Hal ini menunjukan bahwa setting pembelajaran bagi anak harus benar-benar didasarkan pada landasan kasih sayang, bimbingan, perlindungan, dan pertolongan.
Meningkatnya angka kekerasan terhadap anak, menunjukkan bahwa kita sebagai pemerintah, pengelola pendidikan, dan wali murid telah abai terhadap hak anak untuk mendapatkan kasih sayang, bimbingan, perlindungan, dan pertolongan.
Anak korban kekerasan di tahun 2019 tercatat sebanyak 12.285 kasus, meningkat pada tahun 2020 menjadi 12.425 anak. Tidak berhenti sampai di situ, angka tersebut meningkat tajam menjadi 15.972 anak pada tahun 2022. Kasus yang menimpa anak tersebut sangat beragam mulai dari penelantaran, kekerasan psikis, kekerasan fisik, pencabulan, pelecehan seksual, pemerkosaan, dan kekerasan seksual.

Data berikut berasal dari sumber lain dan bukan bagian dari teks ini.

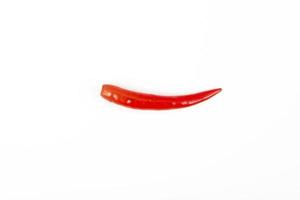 Chili pepper isolated on white background photo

Meningkatnya angka pelanggaran HAM (Hak Asasi Manusia) dengan kasus kekerasan terhadap anak juga terjadi di Nusa Tenggara Barat. Laporan yang disampaikan oleh unit PPA Polda NTB menyebutkan bahwa kekerasan seksual terhadap anak yang ditangani tahun 2021 sebanyak 188 kasus, terdiri dari 125 kasus persetubuhan dan 63 kasus pencabulan. Jumlah yang sama juga terjadi di 2022 dengan rincian 132 kasus persetubuhan, dan 56 kasus pencabulan.